As informações sobre o assunto são desencontradas – afinal, o ciclo arturiano é um dos maiores exemplos do velho ditado “quem conta um conto aumenta um ponto”. Cada autor que pegava as figuras estabelecidas no cânone saía fazendo suas próprias adições, interferindo na história e fazendo de conta que aquilo que ele tinha colocado era parte da história original. Distinguir, portanto, quantos filhos Arthur teve, com quantas mulheres diferentes é quase que trabalho para uma vida.
Creio ter visto apenas uma menção a Guinevere como mãe – em Perlesvaus, de autoria desconhecida, manuscrito francês do século XIII e que não segue quase nenhum dos caminhos já estabelecidos pela lenda. Nessa obra, ela e Arthur teriam tido Loholt, mas o que diabos acontece com o menino, ninguém sabe, já que boa parte da história se perdeu.
De uma forma geral, contudo, Mordred assume o lugar de todos esses filhos ilegítimos e talvez ecoe sim o Amr de Nennius. E, da mesma forma que seu tio e pai, há muitas maneiras de interpretá-lo.
Podemos encarar Mordred como o grande vilão da história – ambicioso e vingativo, manipulador, de personalidade sombria e dissimulada. Este Mordred me faz lembrar a figura de Ricardo III, um dos personagens mais malignos e poderosos de Shakespeare – um homem que não para por nada, por nenhuma lealdade, para alcançar o poder.
Essa análise, contudo, é muito simplista e eu não acredito que seres humanos sejam capazes de maldades e bondades absolutas – e sempre transmito esse pensamento aos personagens.
Não interpreto o Mordred apenas como um vilão. Ele pode ser o agente objetivo da ruína de Camelot, mas muita coisa rolou pelos bastidores antes que ele assumisse esse papel e o rapaz não é único a quem se deve culpar.
Também não direi que ele é uma simples vítima das circunstâncias, um produto de seu meio. Alguns autores, por exemplo, fizeram dele um peão nas mãos de uma vingativa Morgause. Se for para pensar em Mordred como um peão, contudo, eu prefiro pensá-lo como um peão dos deuses, ou do destino, na medida em que lemos as histórias da vida de Arthur como uma tragédia grega, uma maldição inexorável que se abateu sobre toda a casa de Pendragon pelo crime de Uther.

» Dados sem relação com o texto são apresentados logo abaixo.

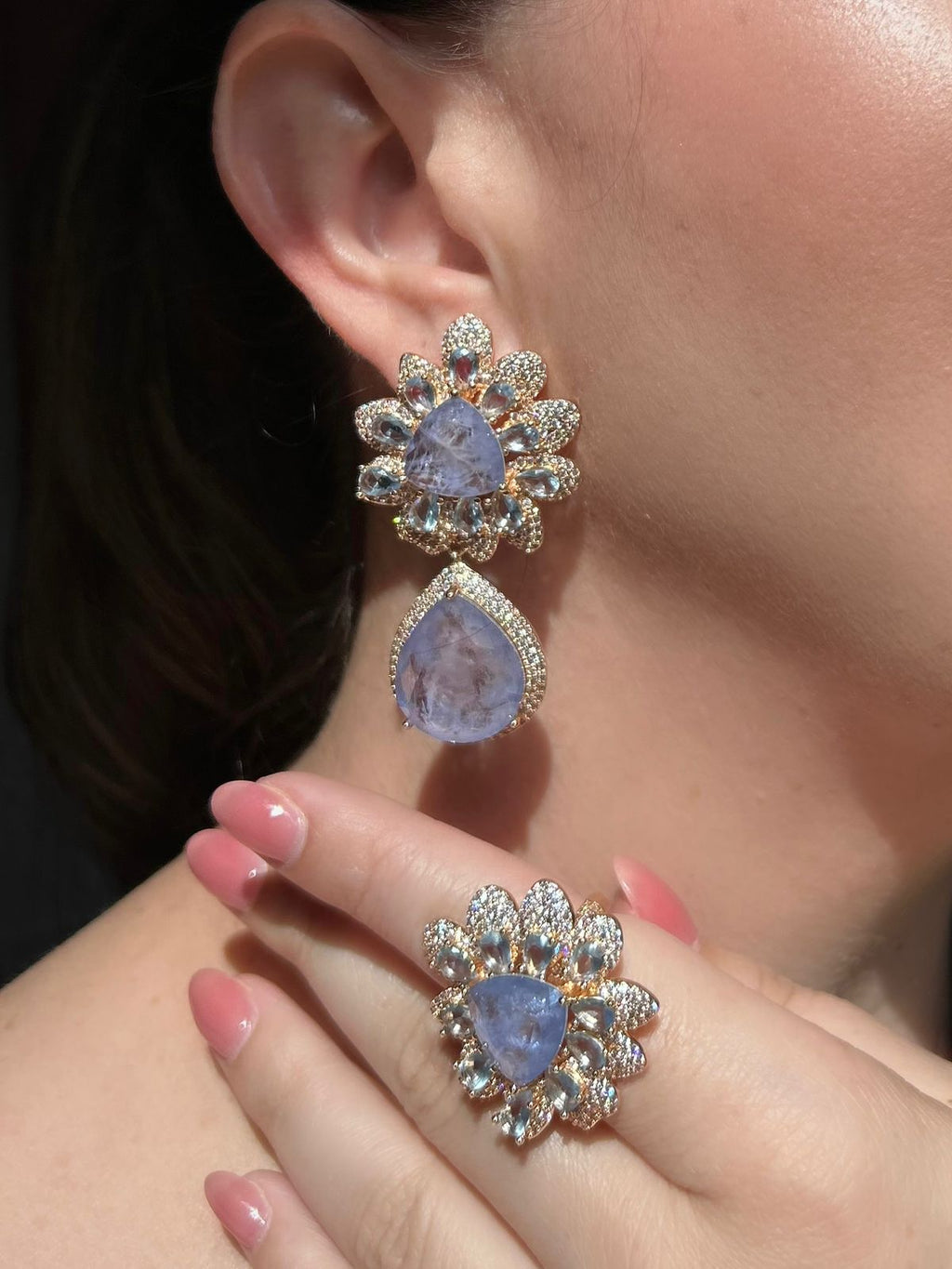 Conjunto Brinco e Anel Tanzanita Fusion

Mordred é filho de Arthur com a própria irmã. Um bastardo dentro de casa, talvez visto com desprezo ou mesmo asco – a prova viva de uma grande infâmia. Ainda bebê, seu próprio pai tentou matá-lo – Arthur teria sonhado ou lhe teriam profetizado que uma criança nascida em Maio lhe mataria e, tentando fugir ao seu destino, o rei dá uma de Herodes, ou de Faraó com os judeus e manda que coloquem todas as crianças nascidas naquele mês, naquelas condições, sejam colocadas num navio e deixadas à morte.
Profecia auto-realizável. Se Arthur não tivesse ordenado esse massacre, não tivesse mandado matar o próprio filho, então – quem sabe? – Mordred poderia não odiá-lo, poderia não querer traí-lo.
Mordred foi o único a sobreviver no navio e, de acordo com algumas das histórias, teria ficado ligeiramente deficiente de um braço (tal como a corcunda de Ricardo III). Por isso, nunca teria sido bom com a espada – e o que seria dele numa corte onde a valentia, a perícia com as armas, e os combates acirrados eram valorizados quase que acima de tudo?
E então Arthur o reconhece em particular como filho, pede perdão pelos erros passados e, através de suas ações, demonstra que deixará a coroa da Inglaterra para ele. E, realmente, se Mordred não tivesse levantado um exército contra Arthur, eu não duvido que ele teria sido feito herdeiro do trono.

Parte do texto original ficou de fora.